Jason Ratcliffe

Personal information
- Full name: Jason David Ratcliffe
- Born: 19 June 1969 (age 57) Solihull, Warwickshire
- Batting: Right-handed
- Bowling: Right-arm medium
- Role: Batsman

Domestic team information
- 1988–1994: Warwickshire
- 1995–2002: Surrey

Career statistics
| Competition | First-class | List A |
| Matches | 136 | 110 |
| Runs scored | 6,561 | 1,856 |
| Batting average | 28.52 | 23.20 |
| 100s/50s | 5/38 | 1/10 |
| Top score | 135 | 105 |
| Balls bowled | 1,644 | 1,635 |
| Wickets | 27 | 40 |
| Bowling average | 33.74 | 31.07 |
| 5 wickets in innings | 1 | 0 |
| 10 wickets in match | 0 | 0 |
| Best bowling | 6/48 | 4/44 |
| Catches/stumpings | 68/– | 28/– |
- Source: CricketArchive, 12 July 2013

= Jason Ratcliffe =

English cricketer

Jason David Ratcliffe (born 19 June 1969) is a retired English first-class cricketer. A right-handed batsman and occasional right-arm medium-pace bowler, Ratcliffe played County Championship and domestic one-day cricket for Warwickshire between 1988 and 1994 and then for Surrey from 1995 until 2002. His father, David Ratcliffe, also played for Warwickshire between 1957 and 1968.

==Playing career==
During his career, Ratcliffe received winner's medals for all the domestic competitions in County Cricket. He made over one-hundred appearances in both first-class and one-day matches, scoring 6,500 first-class runs with five centuries, and a further 1,856 runs in the shorter format. He also took sixty-seven wickets across all forms of the game with his part-time medium-pace bowling. Following the recurrence of a persistent knee injury in 2002, he retired.

==Post-playing career==
===Professional Cricketers Association===
Following the end of his playing career he became an administrator, rising to assistant chief executive of the Professional Cricketers' Association in 2008, at the time that lawsuits were arising between the Indian Premier League and the England Cricket Board.
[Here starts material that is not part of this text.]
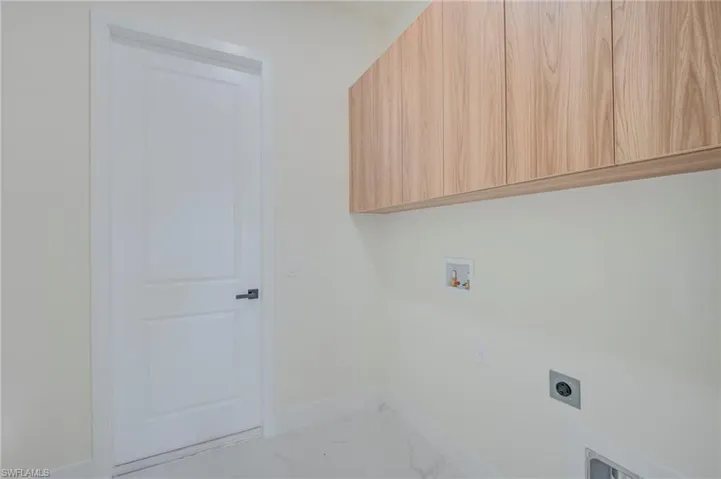 504 W 11th St, Lehigh Acres, Florida 33972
Ratcliffe's innovative work for the PCA included setting up the Association's Mind Matters, series to raise awareness of mental health and wellbeing issues. He encouraged a number of high-profile players including Marcus Trescothick, Andrew Flintoff, Mike Yardy, Iain O’Brien, Tim Ambrose, Graeme Fowler and Monty Panesar to talk openly about their battles with depression and other mental health matters, and in the process created the organisation first Mental Health Charter. In particular, Ratcliffe has thanked Marcus Trescothick for speaking publicly about his mental health, stating that "sport and many others are indebted to him for stepping forward and giving others the confidence to follow his lead".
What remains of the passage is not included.